**EXERCISE**:
For every entry, reproduce the wording exactly and omit any image it holds.

**SOURCE MATERIAL**:
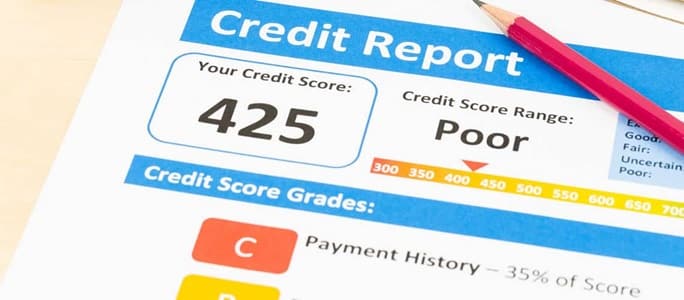 What is Your Credit Report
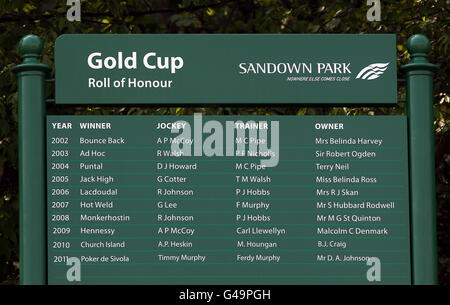 Horse Racing - bet365 Gold Cup Easter Sunday - Sandown Park. Gold cup roll of honour sign post at Sandown Park Stock Photo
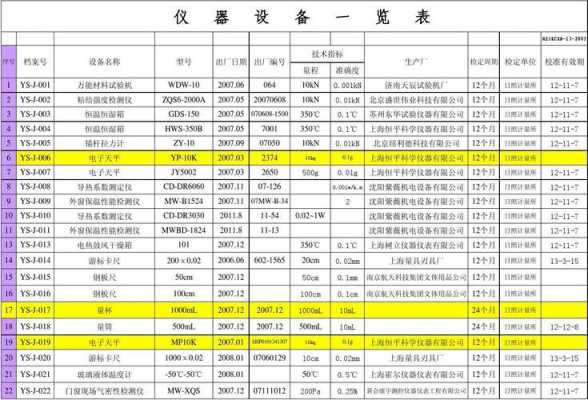 仪表制造设备-仪表设备公司模板-第1张图片-马瑞范文网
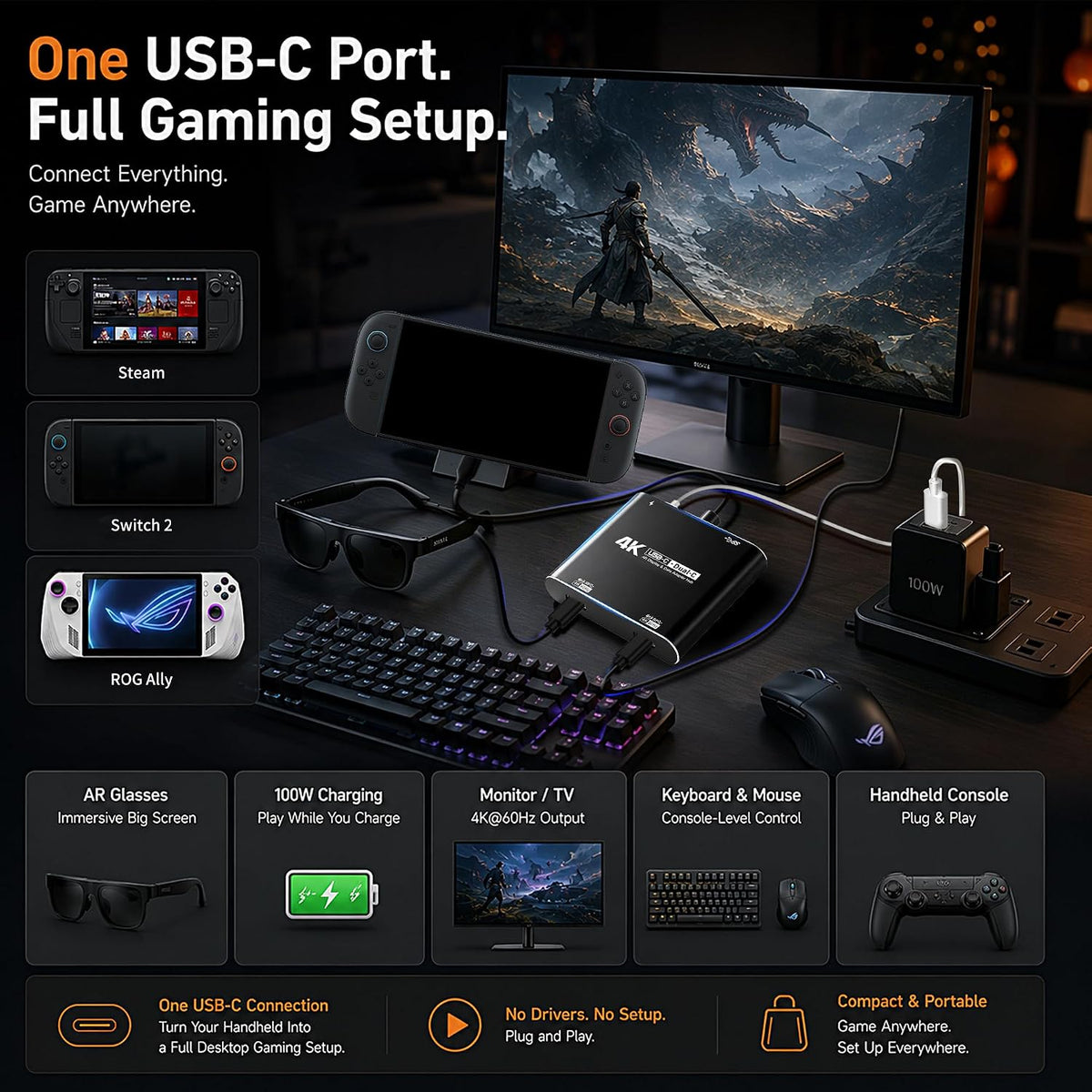 Guermok 4-in-1 Dual USB-C Display Hub, 4K@60Hz Video Output, AR Glasses Hub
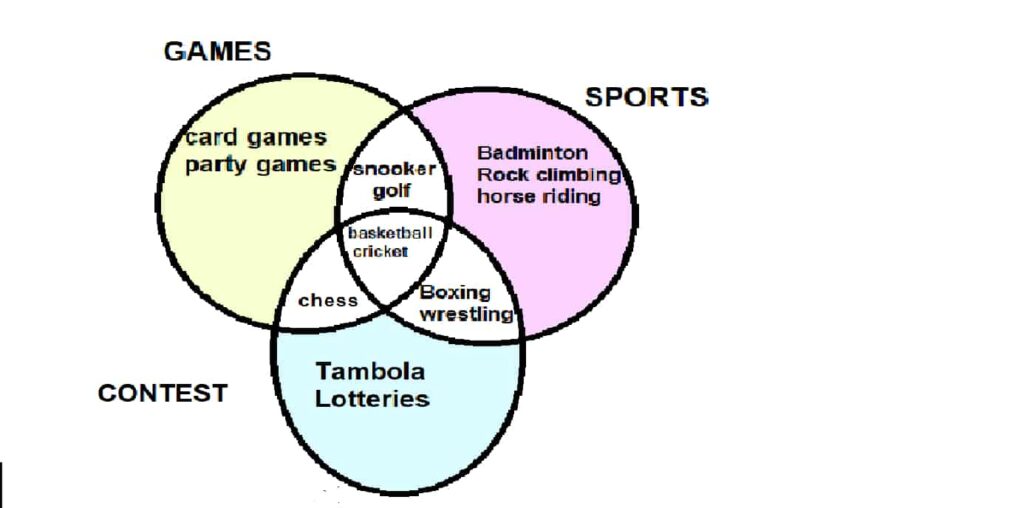 Difference Between Games And Sport 1024x508 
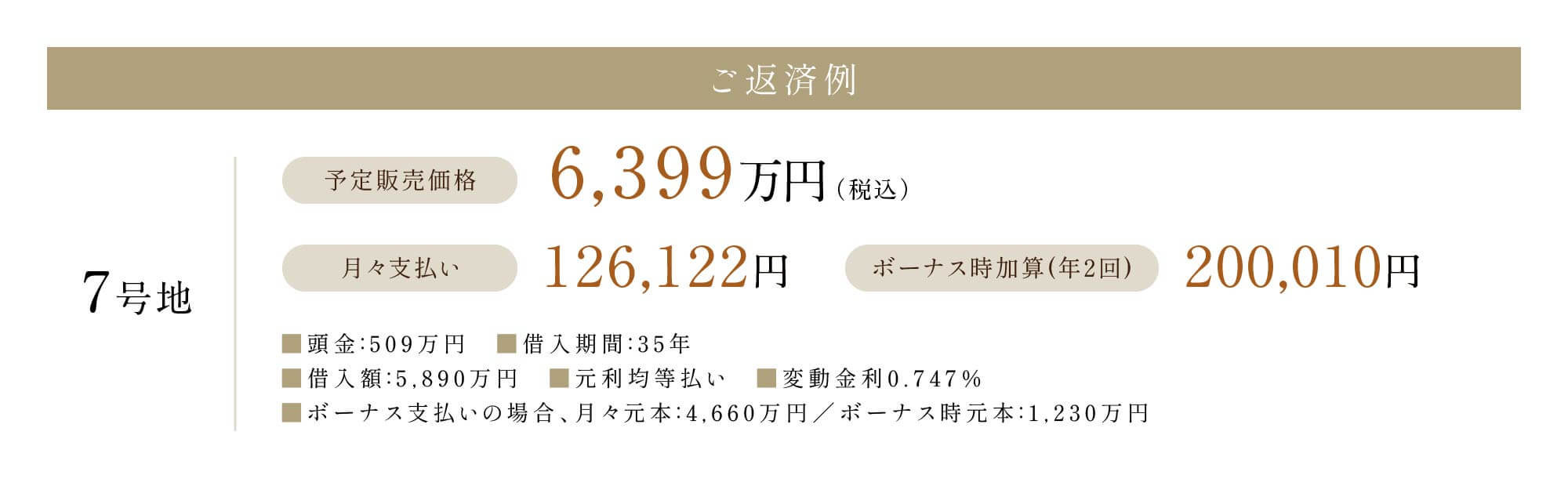 7号地返済例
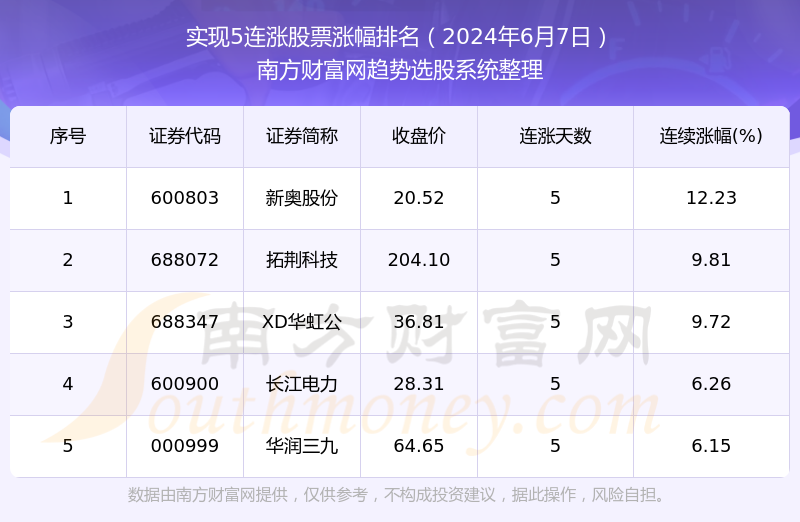 新奥彩今天晚上开奖结果查询表,创新研究解答说明_学院款55.775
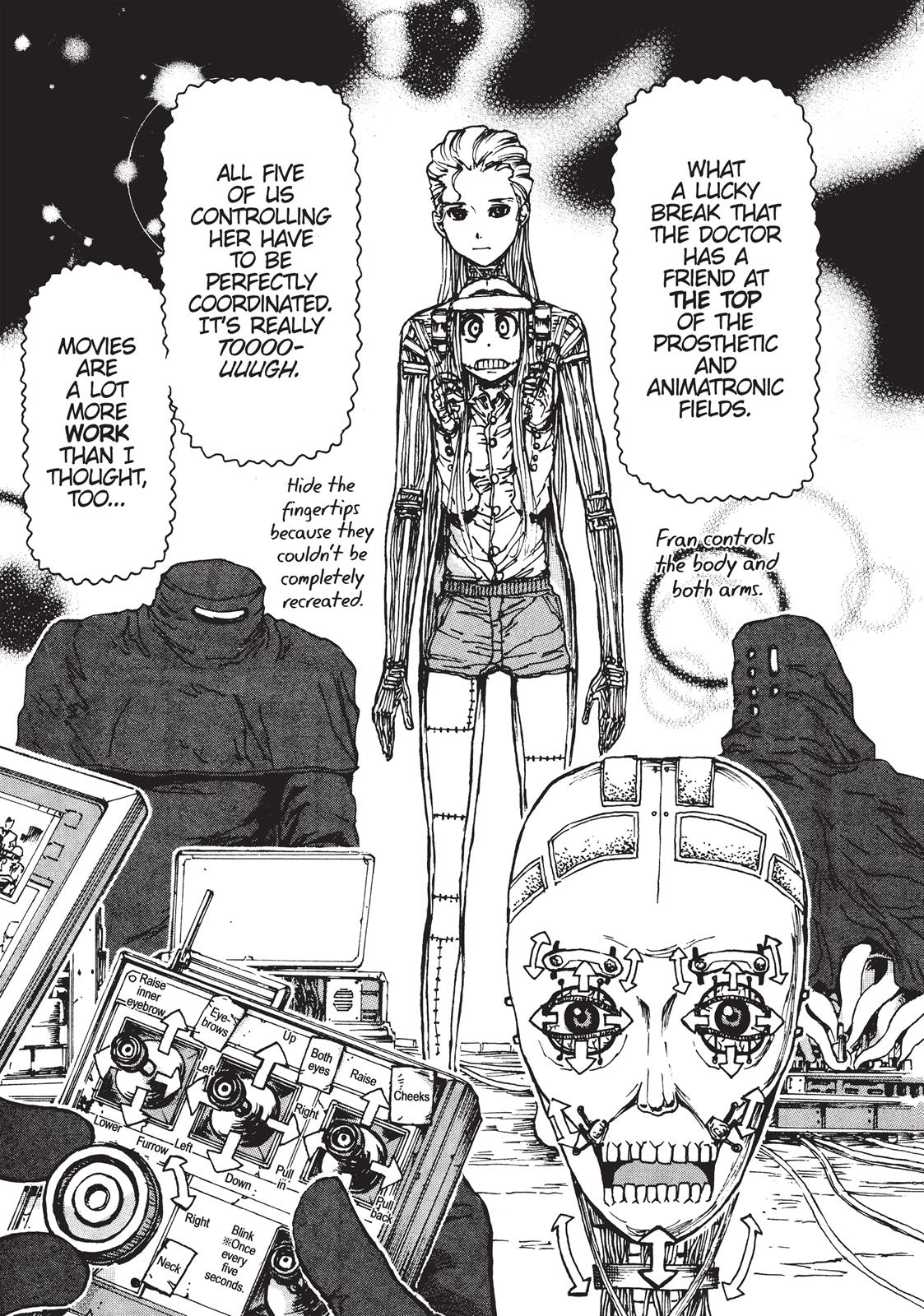 Read Franken Fran Manga Online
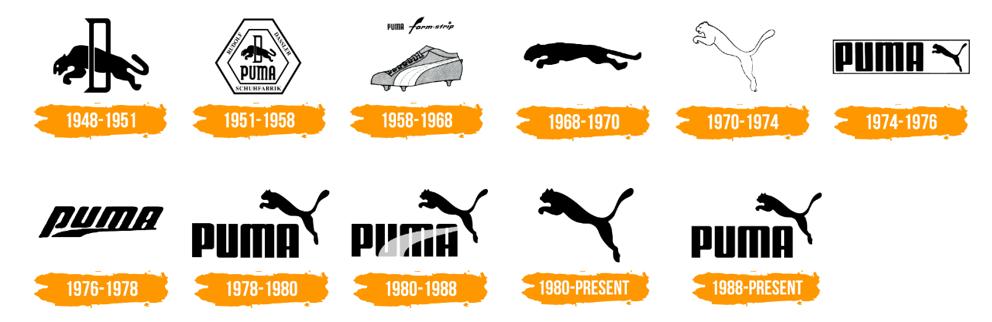 彪马puma鞋尺码,彪马puma篮球鞋怎么样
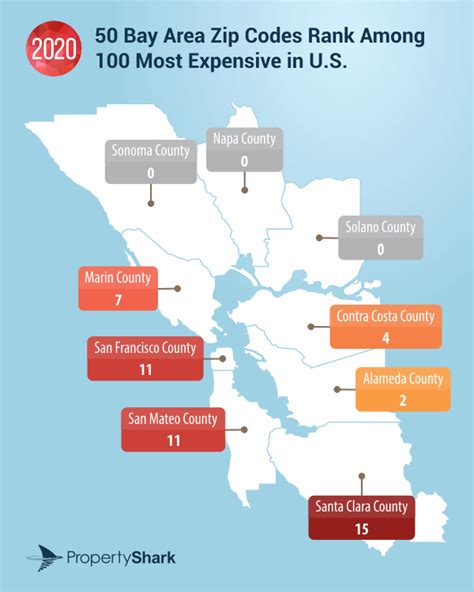 San Francisco Bay Area Home To 50 Of The 100 Priciest Zip Codes In The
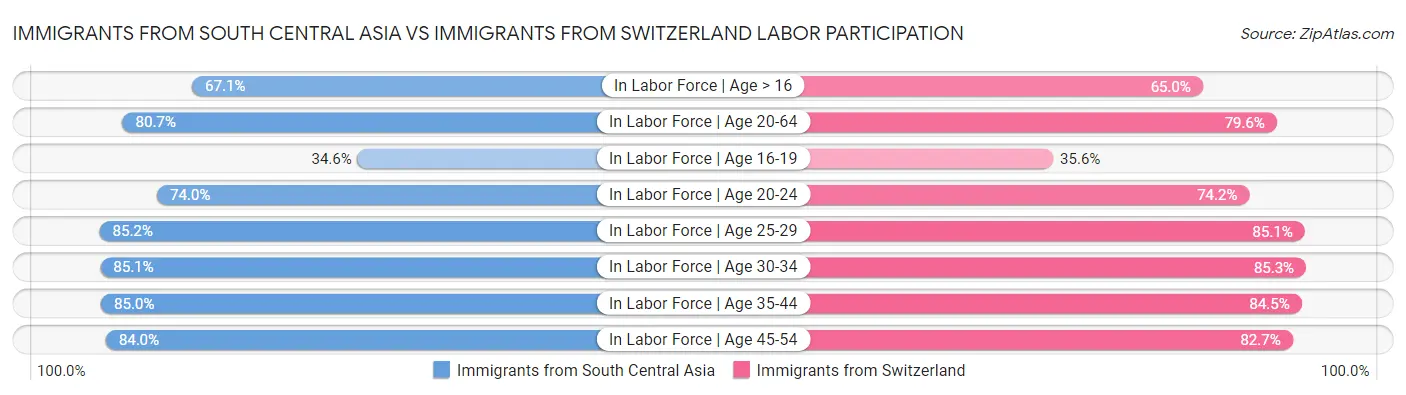 Immigrants from South Central Asia vs Immigrants from Switzerland Labor Participation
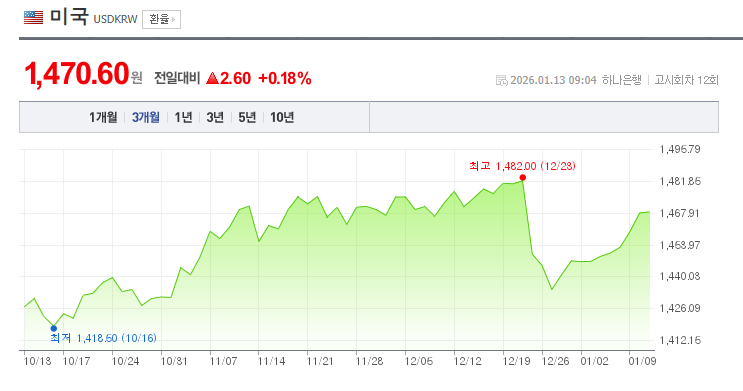  환율이 1470원을 찍었습니다.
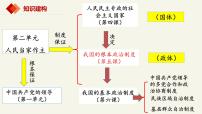 人教统编版必修3 政治与法治第二单元 人民当家作主第五课 我国的根本政治制度人民代表大会：我国的国家权力机关课堂教学课件ppt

**ANSWER BOX**:
 What is Your Credit Report
 Horse Racing - bet365 Gold Cup Easter Sunday - Sandown Park. Gold cup roll of honour sign post at Sandown Park Stock Photo
 仪表制造设备-仪表设备公司模板-第1张图片-马瑞范文网
 Guermok 4-in-1 Dual USB-C Display Hub, 4K@60Hz Video Output, AR Glasses Hub
 Difference Between Games And Sport 1024x508 
 7号地返済例
 新奥彩今天晚上开奖结果查询表,创新研究解答说明_学院款55.775
 Read Franken Fran Manga Online
 彪马puma鞋尺码,彪马puma篮球鞋怎么样
 San Francisco Bay Area Home To 50 Of The 100 Priciest Zip Codes In The
 Immigrants from South Central Asia vs Immigrants from Switzerland Labor Participation
  환율이 1470원을 찍었습니다.
 人教统编版必修3 政治与法治第二单元 人民当家作主第五课 我国的根本政治制度人民代表大会：我国的国家权力机关课堂教学课件ppt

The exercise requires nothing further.